I have been trying to run nsys on our local cluster and it failed to produce the output file. It reports QuadDCommon::NotFoundException, and I could not find any information about it. Would someone please help me with this problem? Thank you very much!
The command line I was using: srun --mem=100G -t 1-0 -p idle --gpus=tesla_t4 nsys profile -o cmdb.nsys.prof load-dbg chinese.trio.128k-10kbp.b.fa chinese.trio.128k-10kbp.fastq > output2.prof 2>&1
The output2.prof file says:
Warning: LBR backtrace method is not supported on this platform. DWARF backtrace method will be used.
Collecting data...
..... # our code running stuff
Processing events...
terminate called after throwing an instance of 'boost::wrapexcept<QuadDCommon::NotFoundException>'
what(): NotFoundException
Interestingly, we could get results using nsight compute: srun --mem=100G -t 1-0 -p idle --gpus=tesla_t4 ncu -f -o cmdb.nsys.prof load-dbg chinese.trio.128k-10kbp.b.fa chinese.trio.128k-10kbp.fastq > output2.prof 2>&1
We have been using nvhpc 21.9 for this.
Thank you so much for taking time reading and helping us with this problem!
same here:
CentOS8 Stream
cuda-11.5 (happens also with 11.4, but not with 11.3)
Invocation: /usr/local/cuda-11.5/bin/nsys profile -o output <executable>
Warning: LBR backtrace method is not supported on this platform. DWARF backtrace method will be used.
Collecting data...
<executable finishes>
Processing events...
terminate called after throwing an instance of 'boost::wrapexcept<QuadDCommon::NotFoundException>'
what(): NotFoundException
Aborted (core dumped)
I also posted the entire output that’s not from the program I’m profiling. Unfortunately, it’s really not more than:
Warning: LBR backtrace method is not supported on this platform. DWARF backtrace method will be used.
Collecting data...
<stuff from my executable>
Processing events...
terminate called after throwing an instance of 'boost::wrapexcept<QuadDCommon::NotFoundException>'
what(): NotFoundException
Aborted (core dumped)
Sorry that I cannot provide more. Is the source code of nsys somehow available or is there a version with debug symbols, so I could try to catch the exception at its source?

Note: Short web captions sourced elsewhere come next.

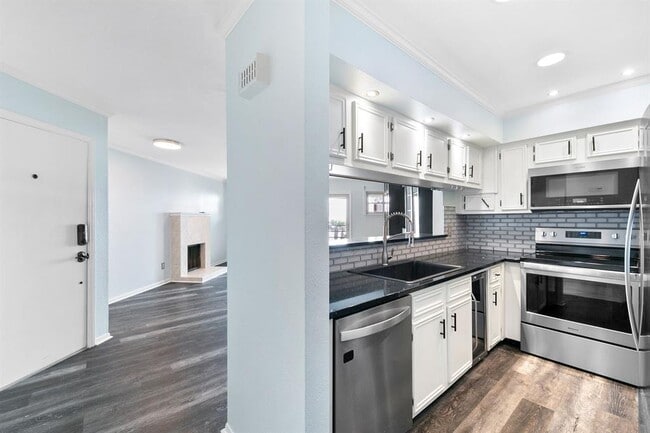 Building Photo - 7312 Seawall Blvd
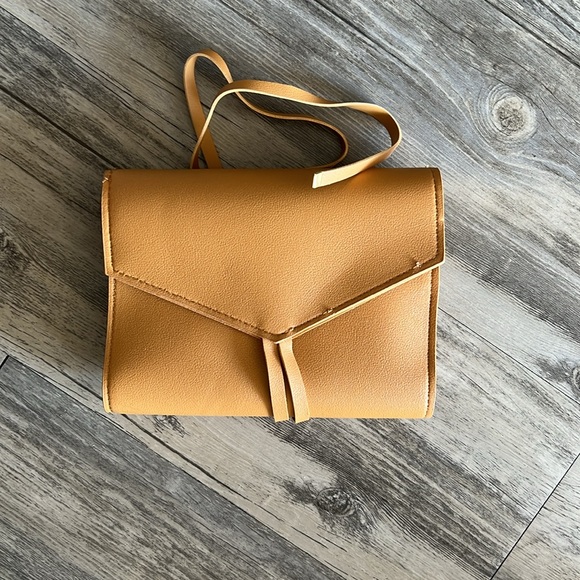 NWT Tech Organizer Roll Purse - Picture 6 of 8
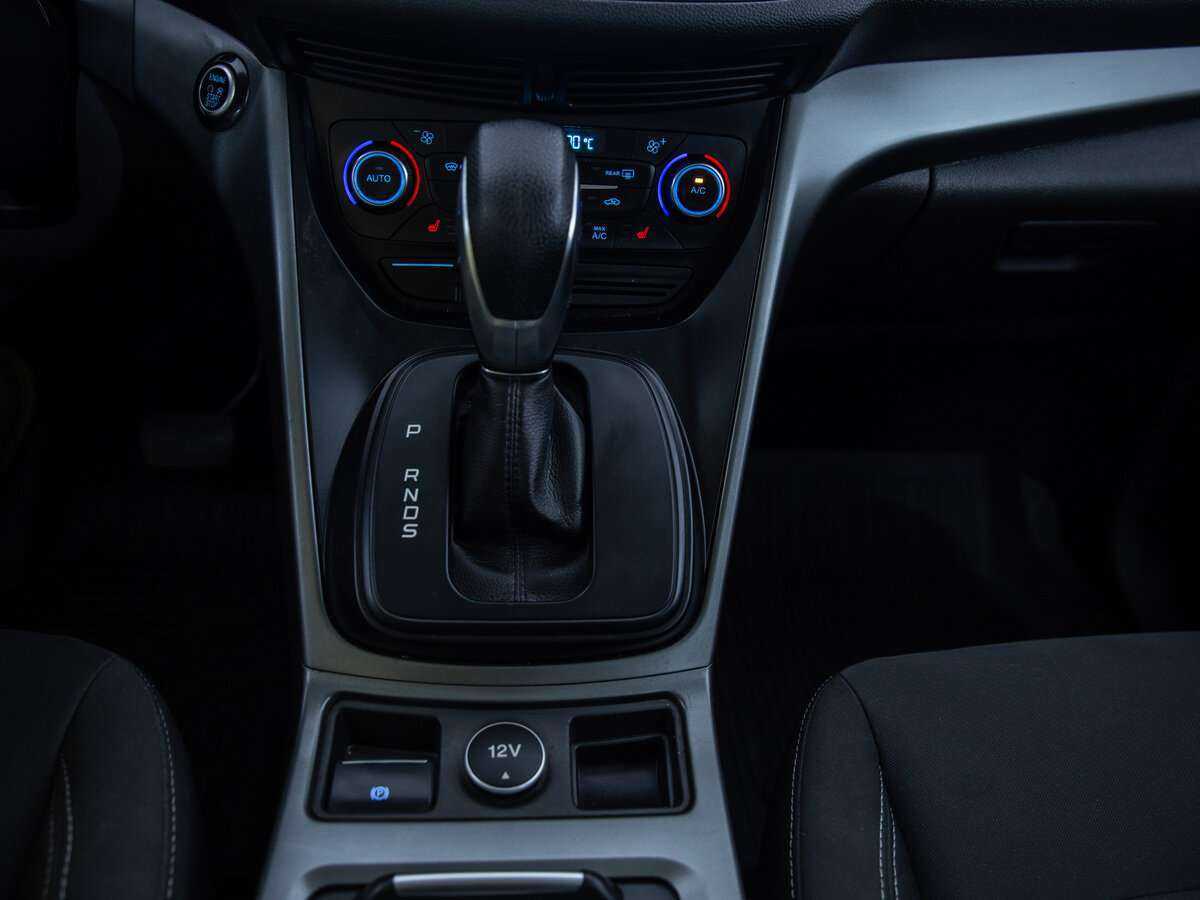 Ford Kuga б/у, 2017, Автоматическая. Фото: #11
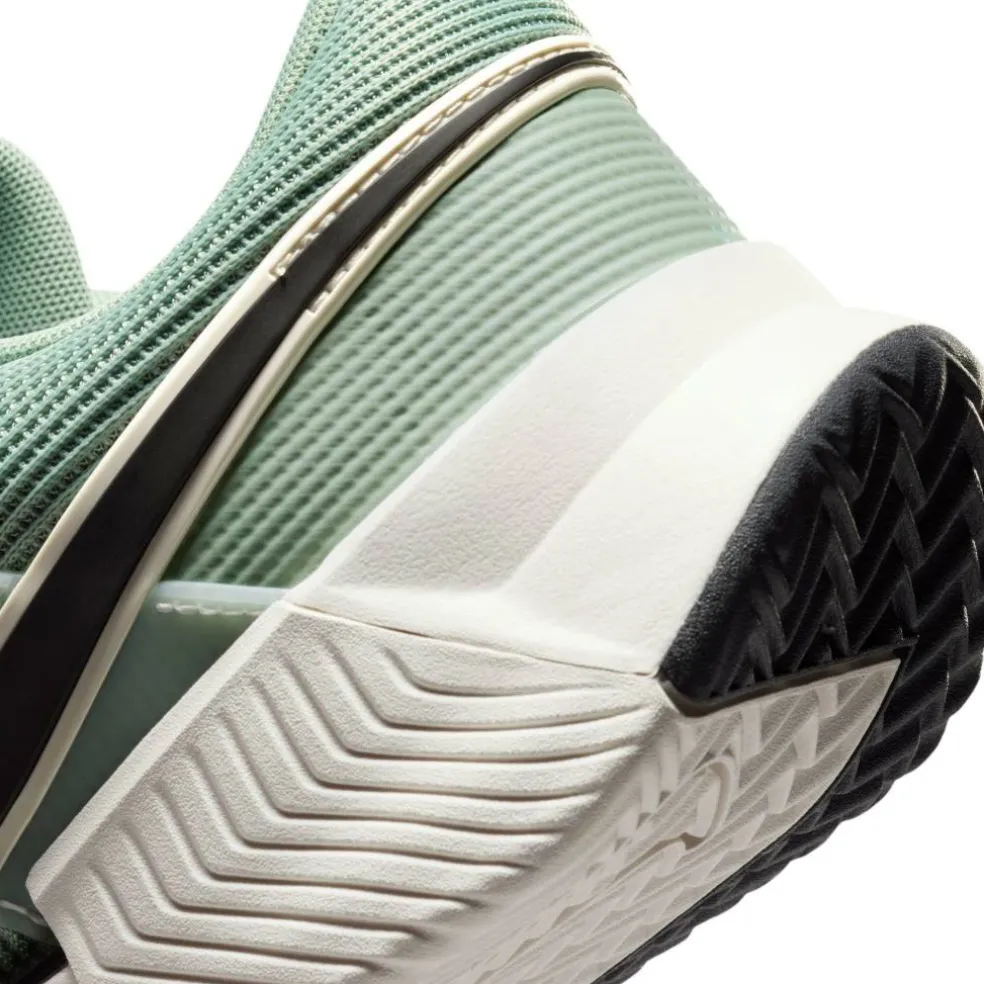 Men's Tennis Shoes
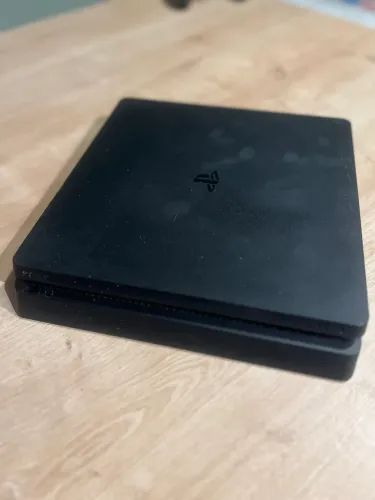 PS4 slim 1t - só mídia digital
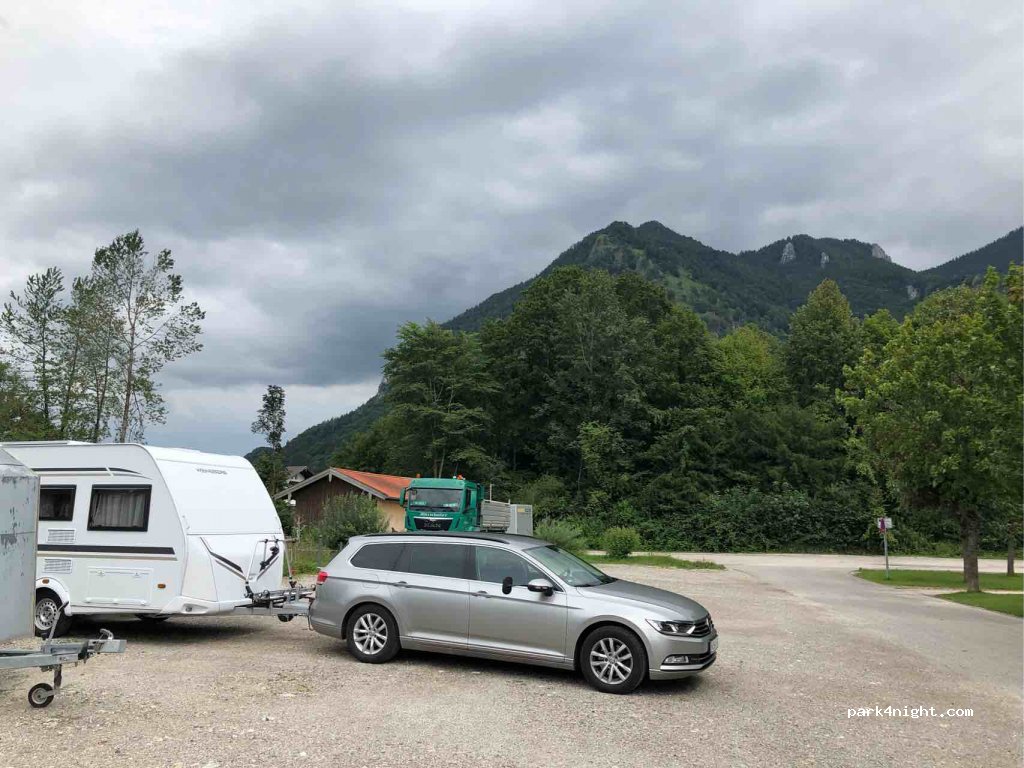 (83250) Marquartstein - 1a Pettendorfer Straße — foto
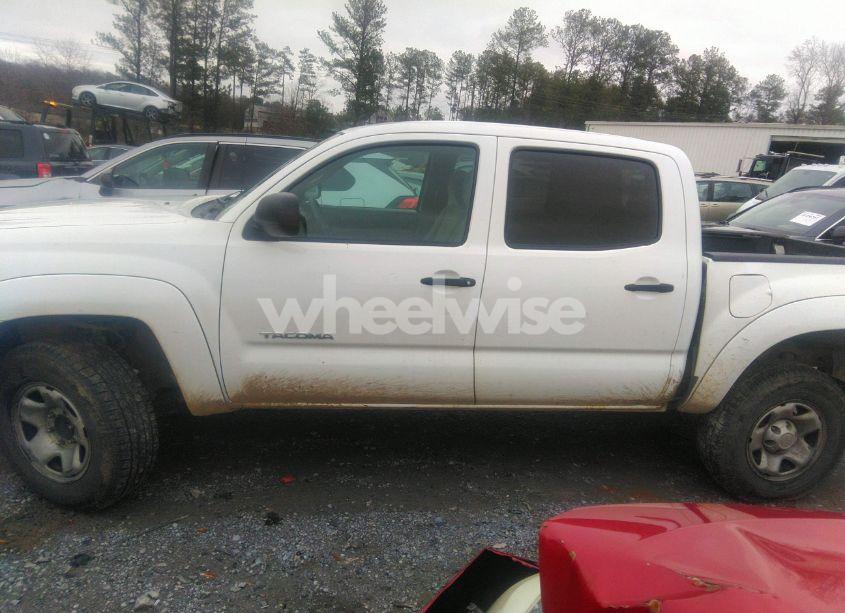 Photo 14 of 2011 Toyota Tacoma DOUBLE CAB (VIN 5TFJX4GNXBX002051)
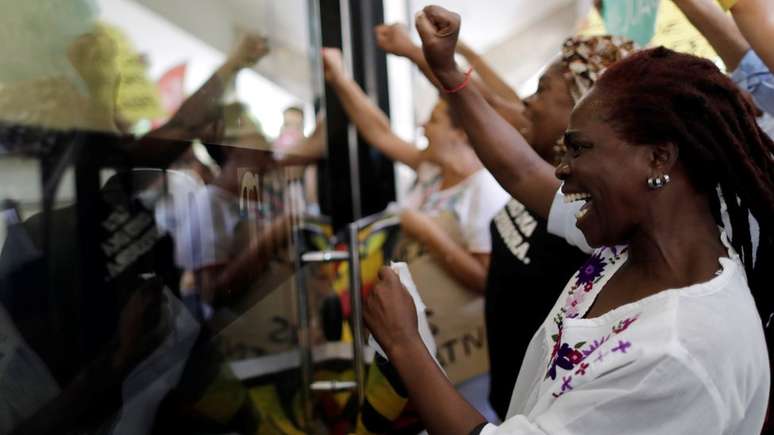 Manifestantes protestam contra declarações que minimizam o racismo no Brasil proferidas pelo presidente da Fundação Palmares (2019)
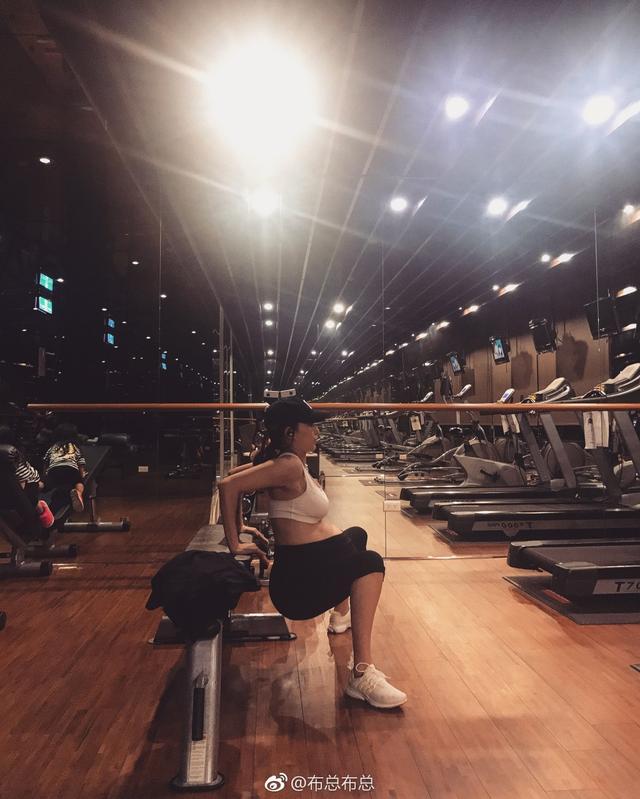 欧弟老婆产前不忘化妆，分娩时放嘻哈舞曲，堪称地表最强孕妇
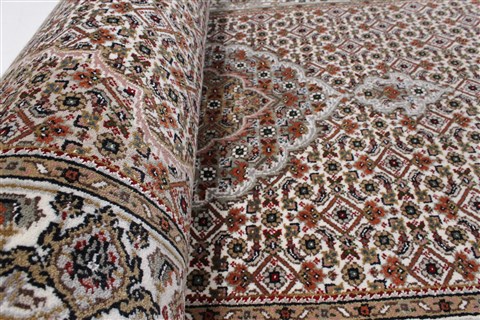 Tabriz Beige Runner Hand Knotted 29 X 121 Area Rug 250-22435 Image 11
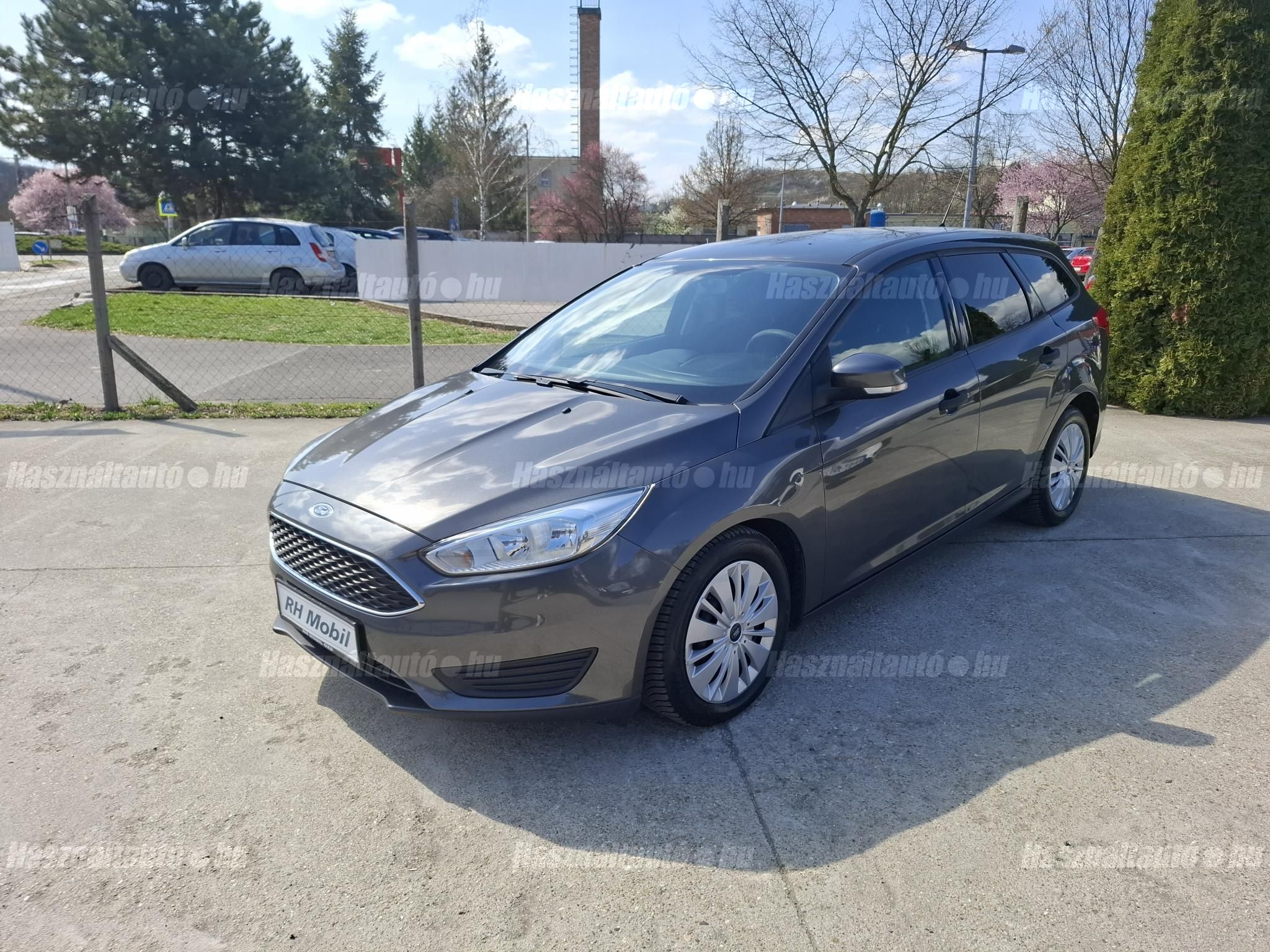 FORD FOCUS 2015/12 - 1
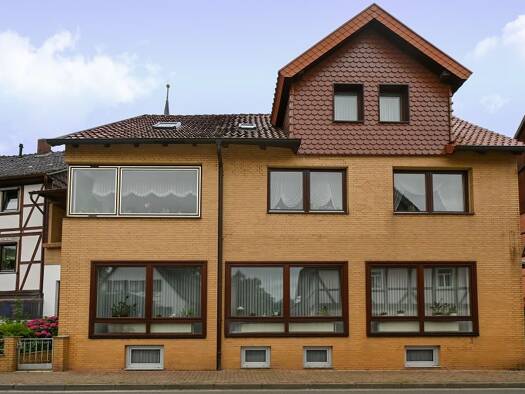 Einfamilienhaus zum Kauf 220.000 € 6 Zimmer 220 m² 134 m² Grundstück Bilshausen 37434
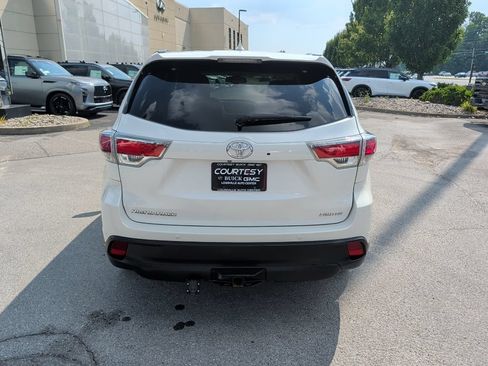 Used 2016 Toyota Highlander Limited FWD image 6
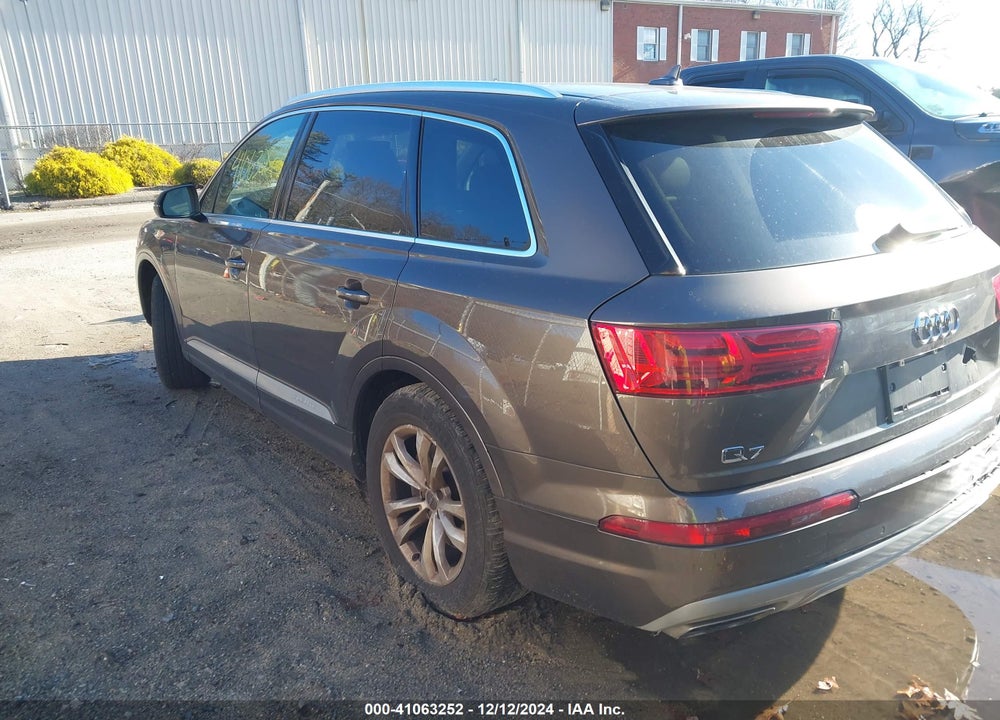 2017 AUDI Q7 3.0T PREMIUM VIN: WA1LAAF76HD018473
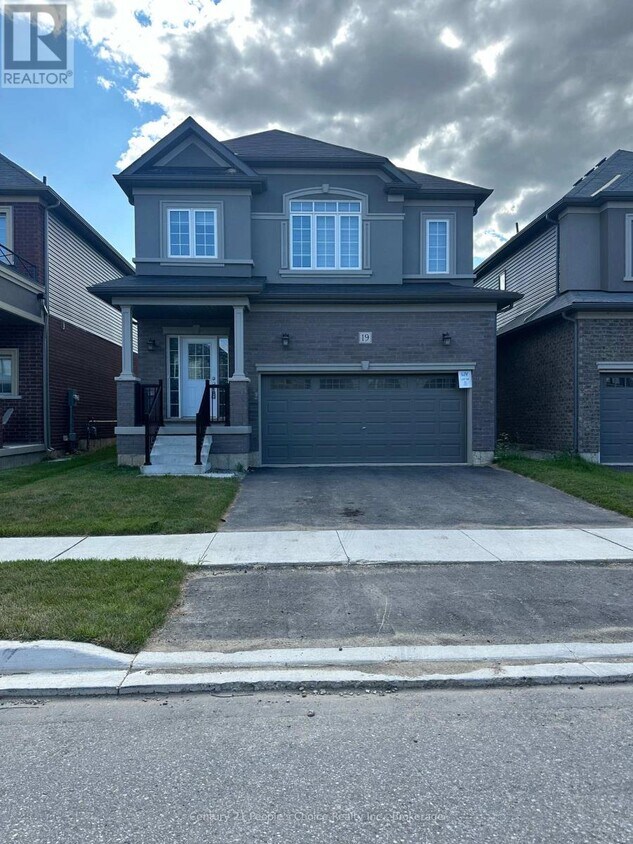 Photo principale - 19 Tooker Dr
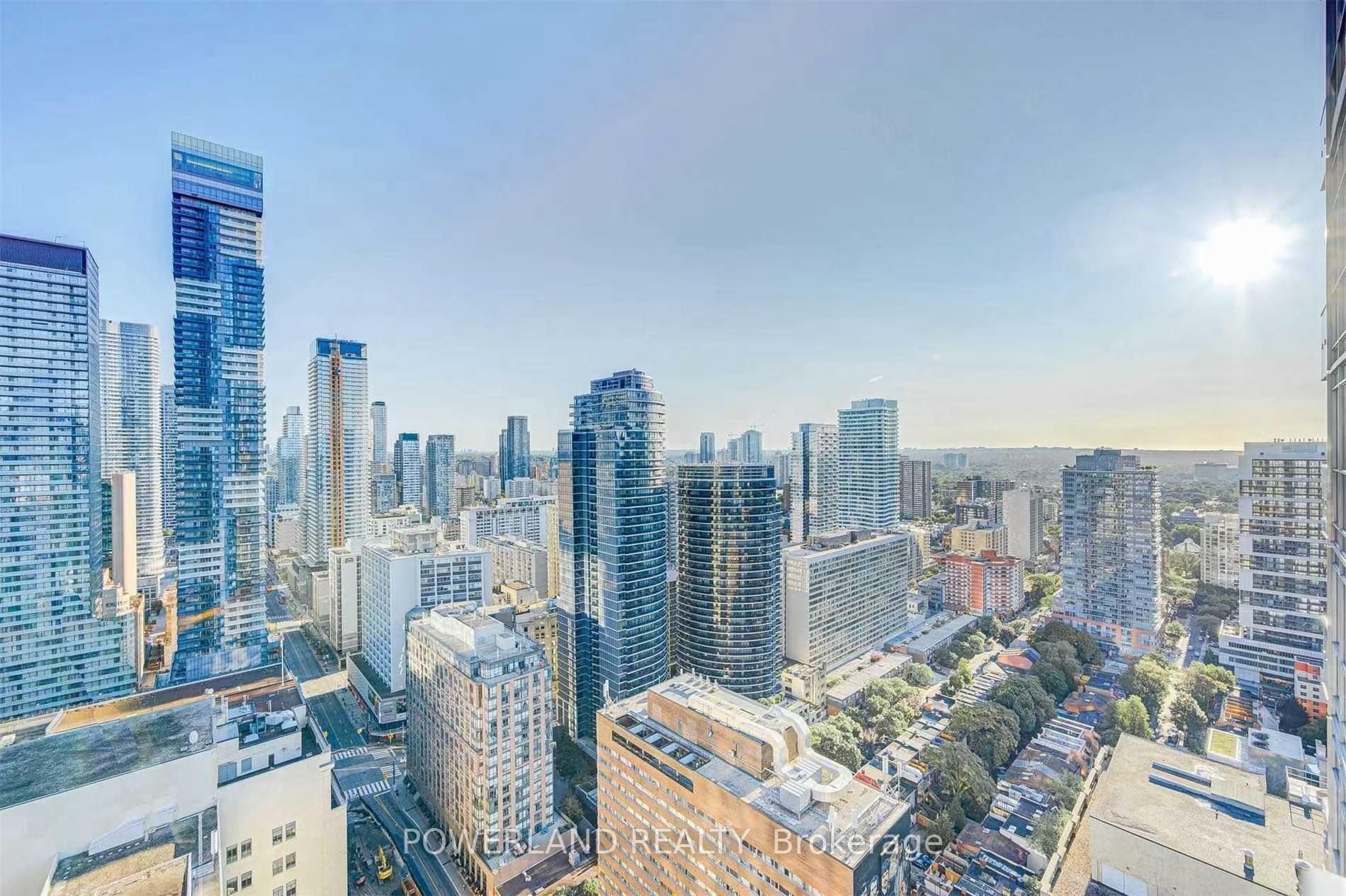 Photo 2 of Unit 3401, 386 Yonge Street, Toronto, Bay Street Corridor — HOMEH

The problem disappeared on my side using version 22.3. I haven’t tried to use the newest 22.5 yet. Did you upgrade your nvhpc toolkit and your CUDA drivers? I believe mine is using cuda 11.6.
Error occured when I put nsys profile in a shell script and run the script. However, if I executed nsys profile command manually, it didn’t show up the error message, very strange :(
Is it possible that you have multiple versions of nsys in the system? The script might be picking up a different version.
When you launch manually, are you providing the path where nsys is located or are you launching while being at the directory you installed nsys?
You’re right, I’ve installed both 2021.3 and 2022.3’s nsys, but export PATH=/usr/local/bin:$PATH in the script before running nsys. I’ll try to provide the absolute path in the script to see if the situation change.